Sometimes, it can seem that life in Southern Nevada is a big zero-sum game. With limited money to spend in both the private and public sectors, this dilemma is ever-present: Invest in infrastructure and attractions that will draw more tourists and pump more money into the economy, or add more services and institutions that enhance the quality of life for those of us who live here?
It seems a fair question. After all, when was the last time you saw a tour group at a local high school (presidential photo-ops excepted)? And how many residents are really among the masses crowding the Strip to see the latest spectacular?

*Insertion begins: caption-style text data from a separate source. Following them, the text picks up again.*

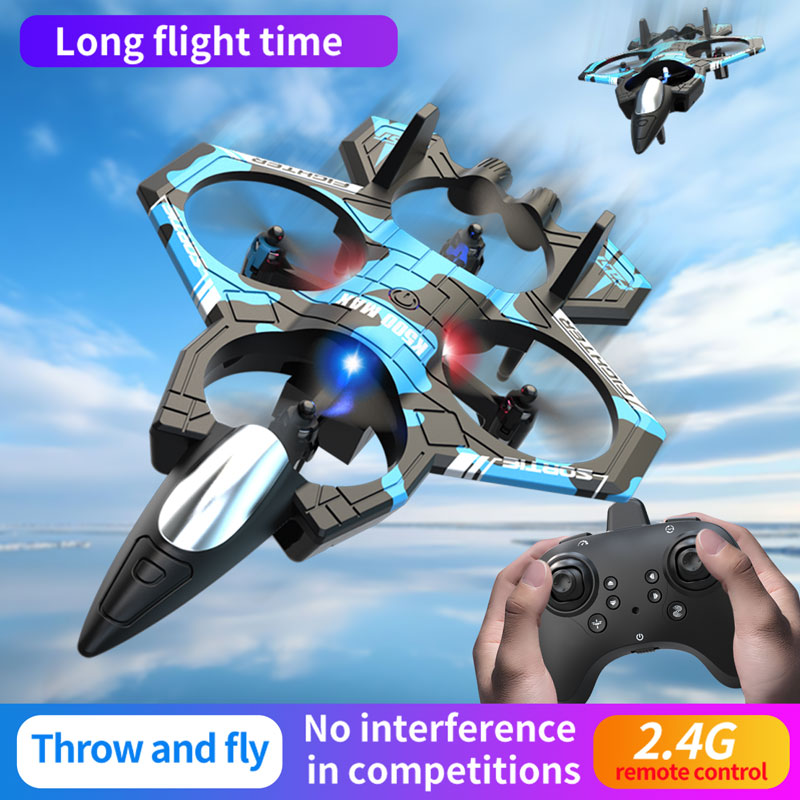 JCMO K500MAX グライダー飛行ヘリコプター RC  - Drone Rc Fighter Jet のレビューと価格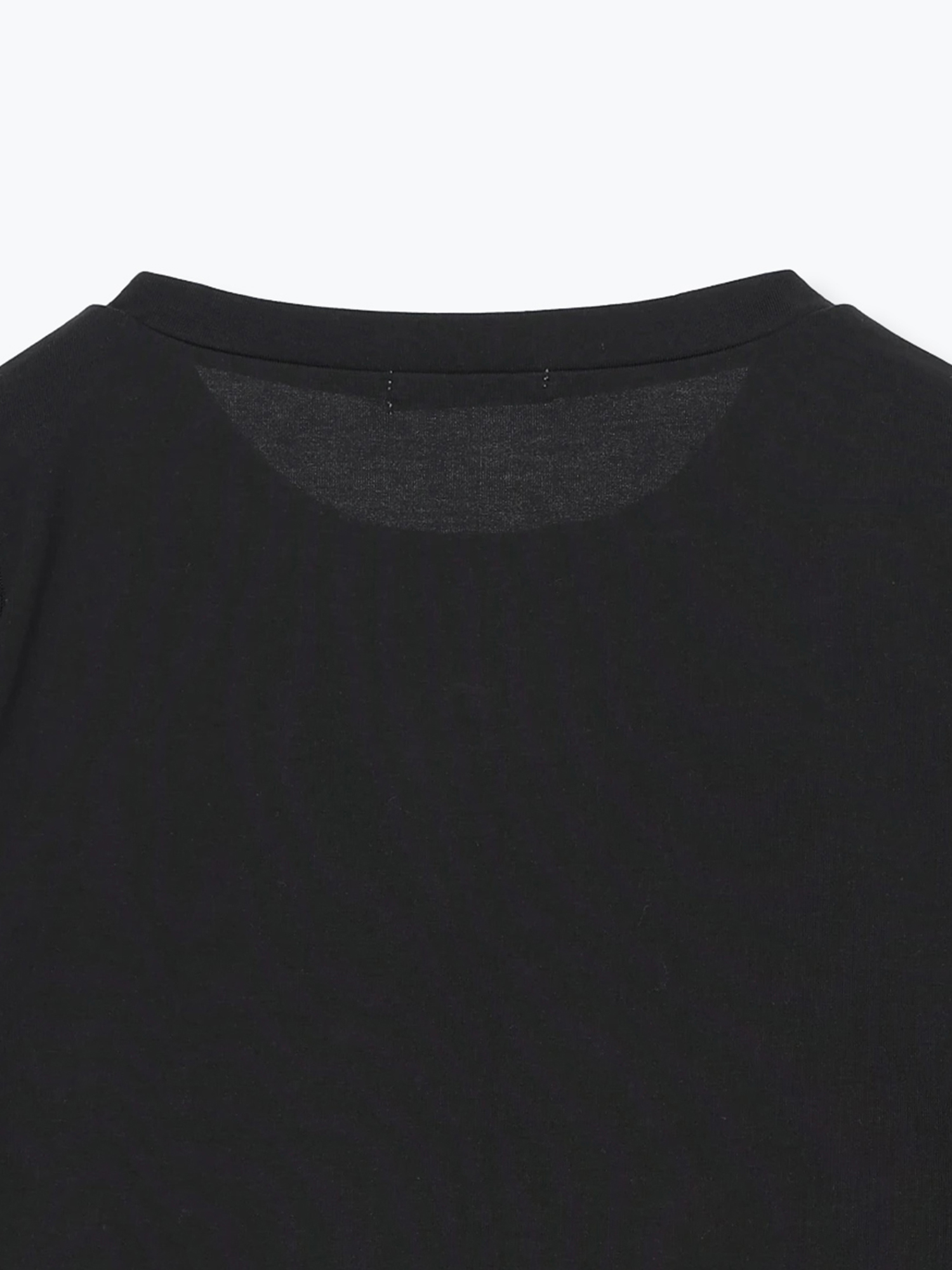 メニーリボンチュールパフスリーブTシャツ メニーリボンチュールパフスリーブTシャツ[品番：PLMW0014692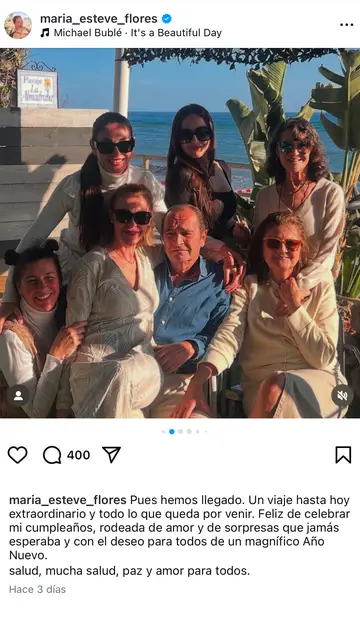 Publicación de @maria_esteve_flores Publicación de @maria_esteve_flores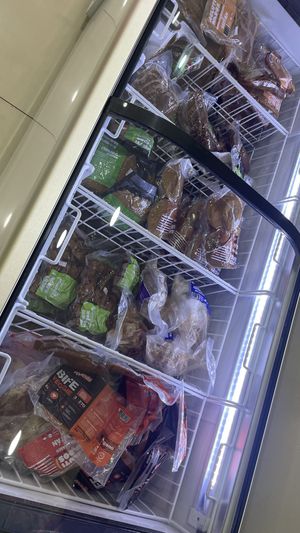   at Rincón Vegan in Chillan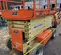 2019 JLG 4069LE Scissor Lift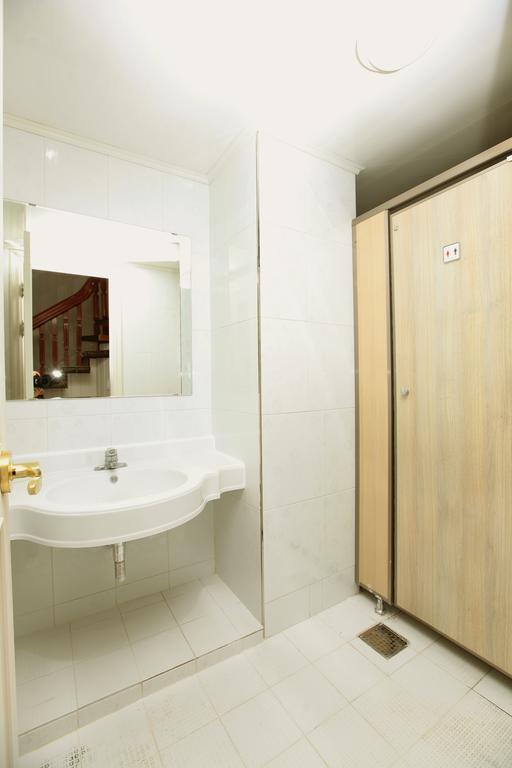 Seoul Myeongdong Stay Seul Quarto foto
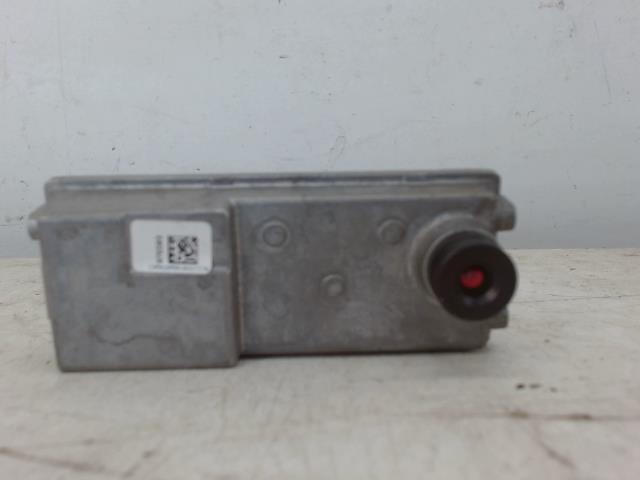 Camera RENAULT MEGANE 4 PHASE 1 Diesel - 1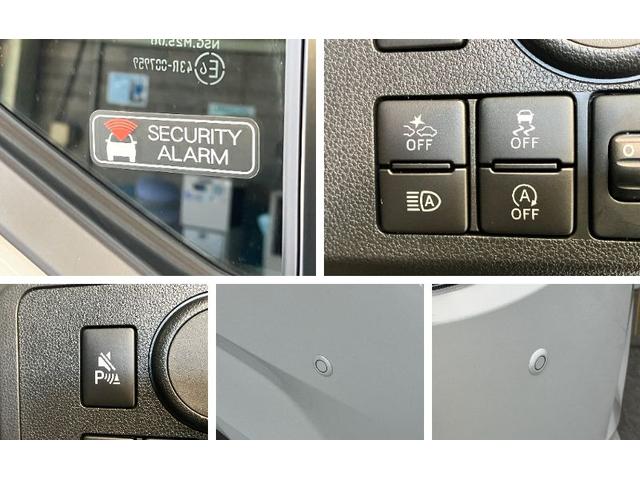 ミライースＬ　ＳＡIII　ＣＤステレオ　キーレス　コーナーセンサー衝突被害軽減ブレーキ　コーナーセンサー　バックカメラ（ナビ装着時用）　ＣＤステレオ　オートライト　マニュアルレベリング　マニュアルエアコン　キーレスエントリー　デジタルメーター　エコアイドル（滋賀県）の中古車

This is the spirit that frames the debate over investing in soccer stadiums, all-purpose arenas and museums. But when you exclude the extremes—such as high-end Strip restaurants and DMV offices—you realize there is no zero-sum game. Indeed, there are plenty of out-of-state license plates at ostensibly “locals” casinos, just as there are plenty of locals ice skating at temporary rinks at Strip casinos or taking in the views from atop the High Roller. In fact, the best attractions have something for both groups.
These days, the happiest “collisions” between local and visitor interests are happening in and near Downtown, which only makes sense. In the earliest days of Las Vegas, Fremont Street was the place where locals ate, shopped and went for entertainment. Many worked there, and most lived within walking distance of their offices. Meanwhile, the train station brought an influx of visitors who saw the sights amid locals’ daily routines.

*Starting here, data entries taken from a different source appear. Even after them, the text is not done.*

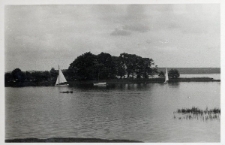 158. [Zalew Janowski. Jan&oacute;w Lubelski, 1939]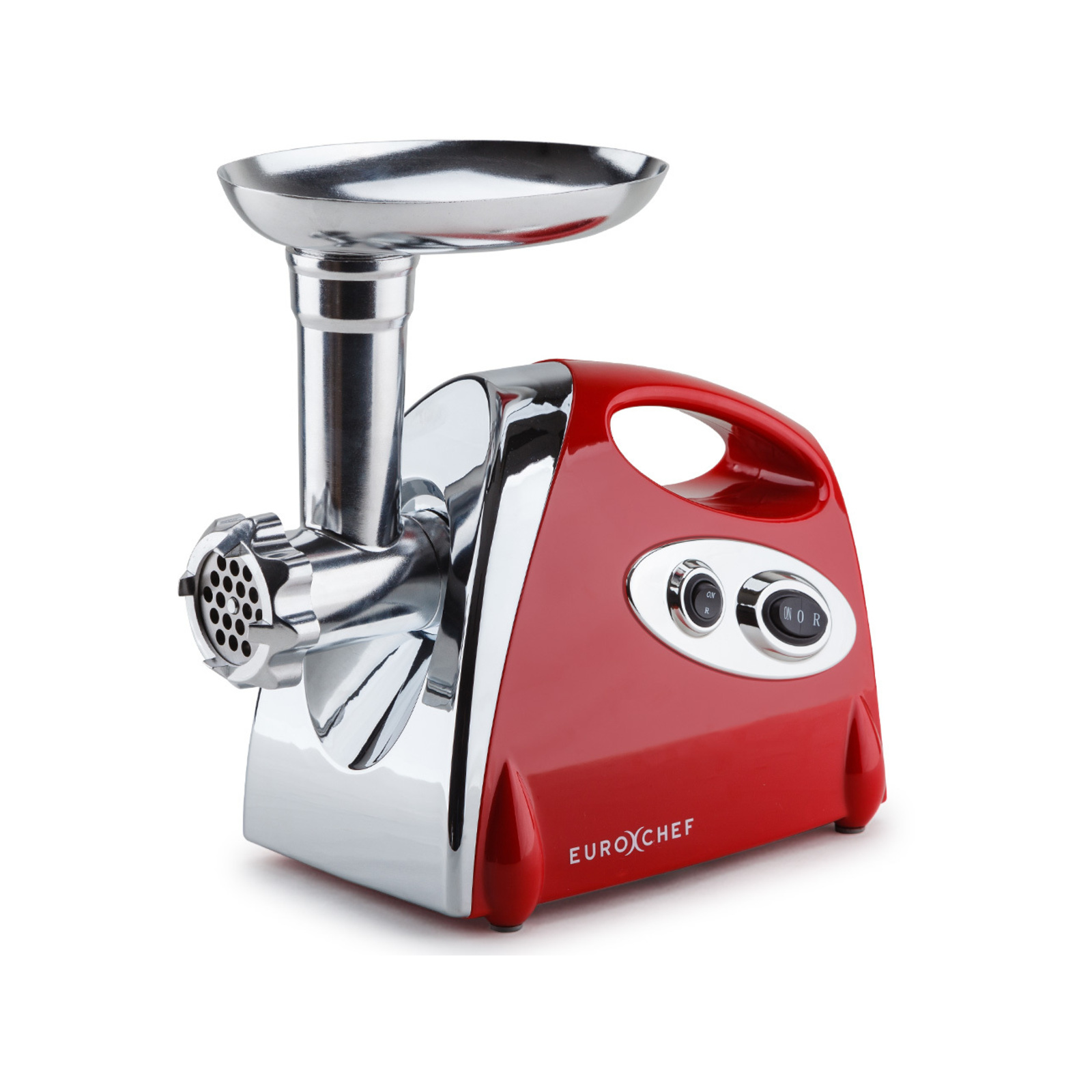 EuroChef Electric Meat Grinder Sausage Maker Filler Mincer Stuffer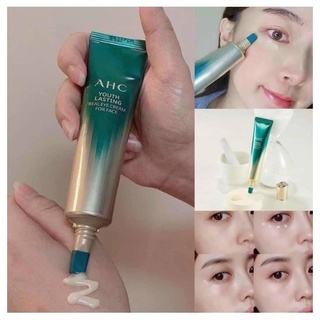 Kem mắt AHC - 𝗠𝗮̂̃𝘂 𝘅𝗮𝗻𝗵 2021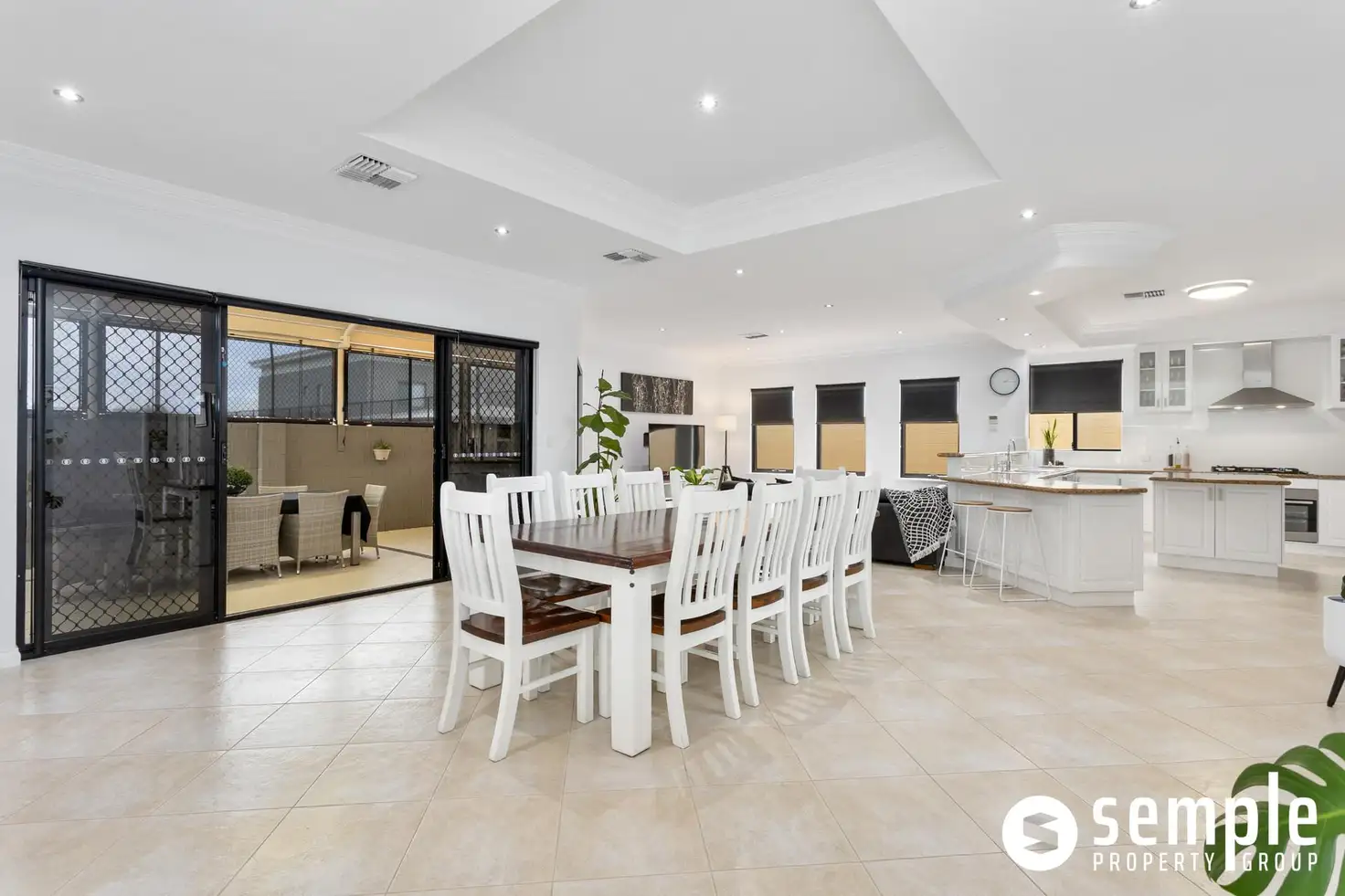 Main view of Homely house listing, 46 Tindal Avenue, Yangebup WA 6164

Then came the Great Suburbanization, and most (but not all) locals left the expanding tourist corridor. But in recent years, the critical mass that Downtown needed to become a bona fide city center that blends commerce with life quality has begun to coalesce. Yes, the Fremont Street Experience is still dominated by casinos catering primarily (though not exclusively) to visitors, but the surrounding blocks are seeing some interesting hybrids.
For proof, look no further than the Mob Museum, which Oscar Goodman championed as an attraction that would both document an important aspect of this city’s history and be of sufficient interest to pull visitors away from the Strip and Fremont Street for a few hours. There were many skeptics at the outset, but the former mayor has been vindicated: Since the Mob Museum opened in February 2012, it has won local awards for best museum in town and been hailed as a must-see attraction for visitors. On any given day, as many as one-fifth of museum attendees are Las Vegans, and 60 percent of the museum’s members live in the area.

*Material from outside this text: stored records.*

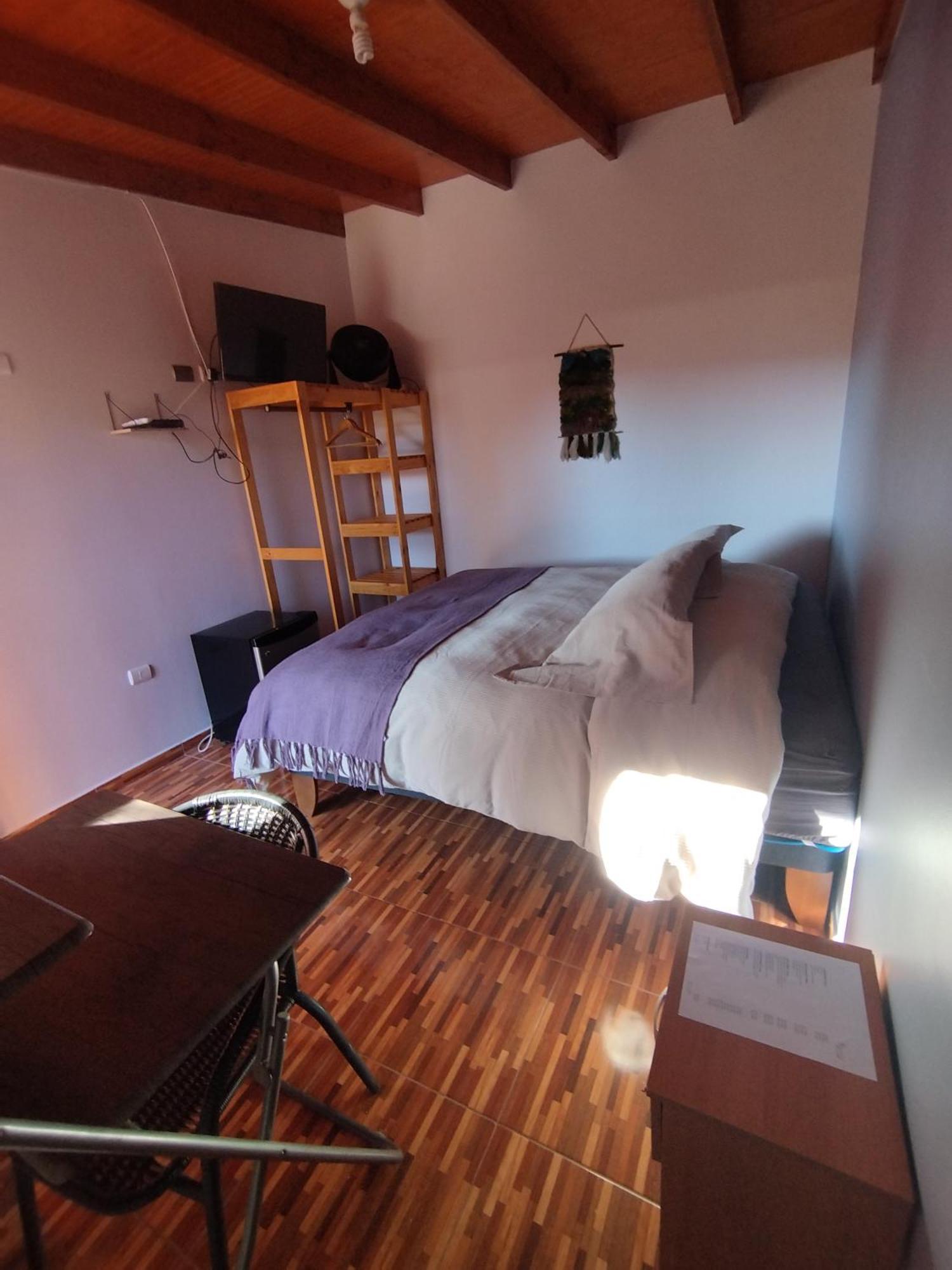 סן פדרו דה אטקאמה Hostal Perita חדר תמונה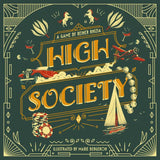 High Society Card Game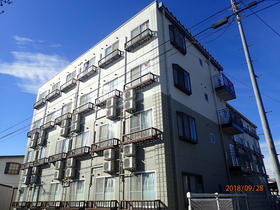 山形県米沢市城南３ 賃貸マンション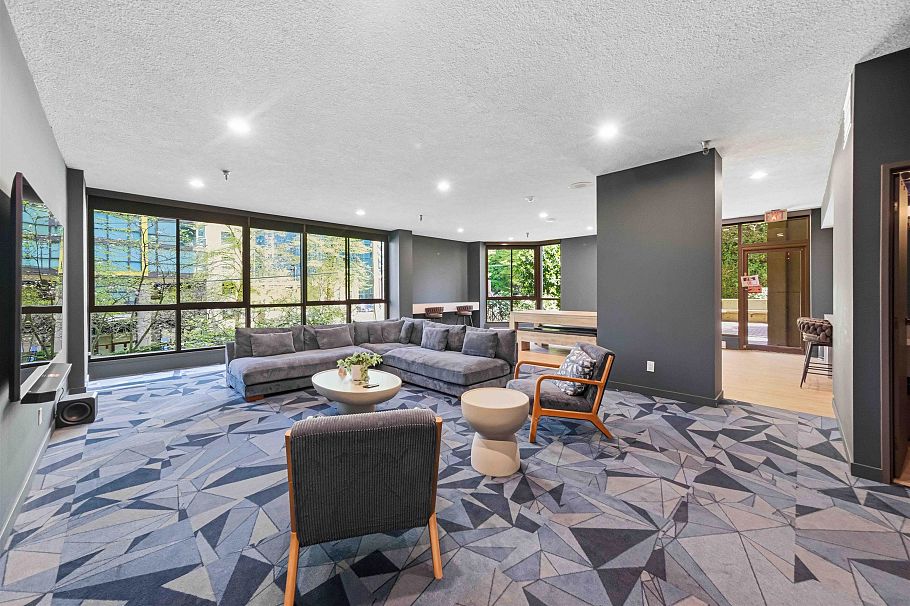 601 738 Broughton Street Vancouver, BC - 21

Even institutions whose target audiences are clearly residents benefit from out-of-towners. With its diverse programing, The Smith Center for the Performing Arts has been luring tourists off the Strip for nearly three years. Meanwhile, its neighbor, the Discovery Children’s Museum, also draws its share of non-local customers with its straightforward mission: to engage children and spark their interest in learning. It’s not as catchy a slogan as, say, “What happens here stays here,” yet an informal survey on a recent weekday showed that at least 10 percent of the visitors were not locals. People do still bring their kids to Las Vegas, whether they are here to visit family, or for business or pleasure, and having a place like Discovery only gives them another reason to return.
With that in mind, it seems developers and civic leaders would be wise to bet on projects that are accessible to visitors and have enduring appeal for locals. Could a soccer stadium fit the bill? It’s possible. Certainly, MGM Resorts International and AEG are all-in on this concept, as construction is well under way on their arena behind New York-New York. While it will doubtless have its calendar filled with the same kind of one-off events found at other Strip venues, the grand plan is to secure an NHL—and after that, perhaps an NBA—franchise as an anchor tenant.
Should that happen, the team’s only chance for long-term survival would be if it appeals to both the 2 million-plus residents who live here and our 40 million annual guests.
David G. Schwartz is the director of UNLV’s Center for Gaming Research.